278 S.E.2d 527 (1981)
STATE of North Carolina
v.
Claudia Howell WELLS, alias Claudie Howell Wells
No. 807SC1127.
Court of Appeals of North Carolina.
June 2, 1981.
*529 Atty. Gen. Rufus L. Edmisten by Associate Atty. Gen. Jane P. Gray and Deputy Atty. Gen. William W. Melvin, Raleigh, for the State.
Kirby & Clark by John E. Clark, Wilson, for defendant-appellant.
VAUGHN, Judge.
Defendant assigns error to the court's admission, over his repeated objections, of Trooper Parks' opinion as to where the collision between the two cars occurred. This assignment of error is sustained.
Our State Supreme Court has held in several cases that while it is competent for an investigating officer to testify as to the condition and position of the vehicles and other physical facts observed by him at the scene of an accident, his testimony as to his conclusions from those facts is incompetent. See Farrow v. Baugham, 266 N.C. 739, 147 S.E.2d 167 (1966); McGinnis v. Robinson, 258 N.C. 264, 128 S.E.2d 608 (1962); Shaw v. Sylvester, 253 N.C. 176, 116 S.E.2d 351 (1960). A case almost directly on point is Cheek v. Barnwell Warehouse and Brokerage Co., 209 N.C. 569, 183 S.E. 729 (1936). In that case the Supreme Court upheld the trial court's exclusion of opinion testimony by a nonexpert witness as to where a collision occurred based upon his examination of the scene sometime after the accident on the ground that its admission would invade the province of the jury. In the present case, the most crucial question for the jury on the manslaughter charge was whether defendant caused the collision which resulted in decedent's death by crossing the center line into decedent's lane of travel. By testifying that his investigation revealed the point of impact between the two cars to be in decedent's lane of travel, Trooper Parks stated an opinion or conclusion which invaded the province of the jury. Cf. Kaczala v. Richardson, 18 N.C.App. 446, 197 S.E.2d 21, cert. denied, 283 N.C. 753, 198 S.E.2d 722 (1973).
State concedes that the opinion of Trooper Parks was incompetent but argues that defendant waived his objections thereto by failing to move to strike it and by eliciting similar testimony from Trooper Parks on cross-examination. We reject both arguments.

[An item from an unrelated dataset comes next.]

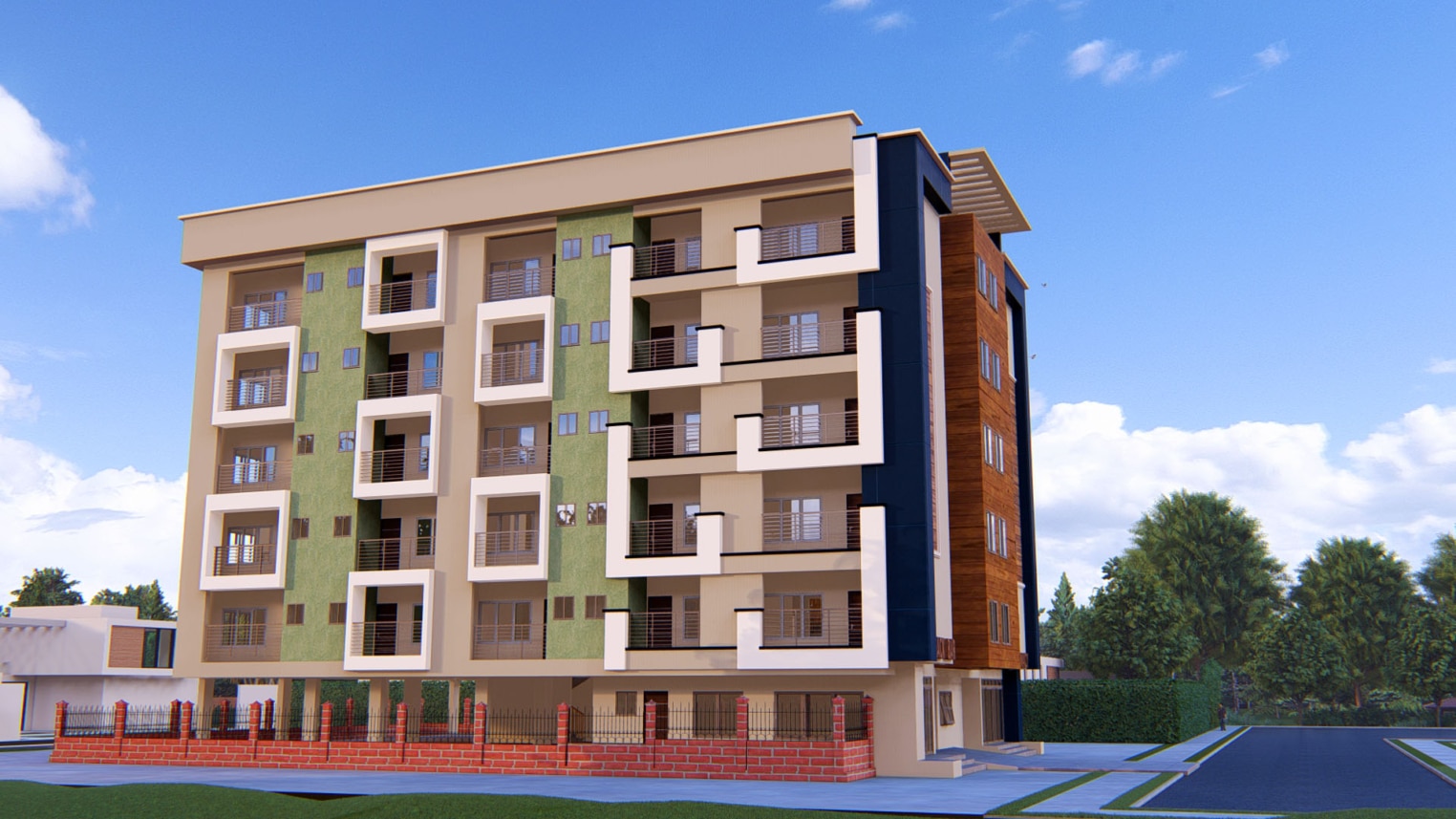 Modern multi-storey student hostel with shared living spaces and balconies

Defendant objected each time Trooper Parks was asked to state his opinion as to where the impact occurred. The questions were clearly incompetent as calling for inadmissible opinion testimony; nevertheless, defendant's objections to them were overruled, and Trooper Parks was allowed to state the inadmissible opinion called for by the questions. On these facts, no motion to strike was required to preserve defendant's objections to the testimony elicited by the improper questions. Cases to the contrary relied upon by State are distinguishable. In the majority of those cases inadmissibility was not indicated by the question but only became apparent by some feature of the answer. Highway Commission v. Black, 239 N.C. 198, 79 S.E.2d 778 (1954); State v. Huggins, 35 N.C.App. 597, 242 S.E.2d 187, disc. rev. denied, 295 N.C. 262, 245 S.E.2d 779 (1978); State v. Robinson, 35 N.C.App. 617, 242 S.E.2d 197 (1978). In Mays v. Butcher, 33 N.C.App. 81, 234 S.E.2d 204 (1977), although the defendant objected to the improper question, he failed to move to strike not only the answer thereto, but also the answers to several subsequent questions in the same vein to which he did not object.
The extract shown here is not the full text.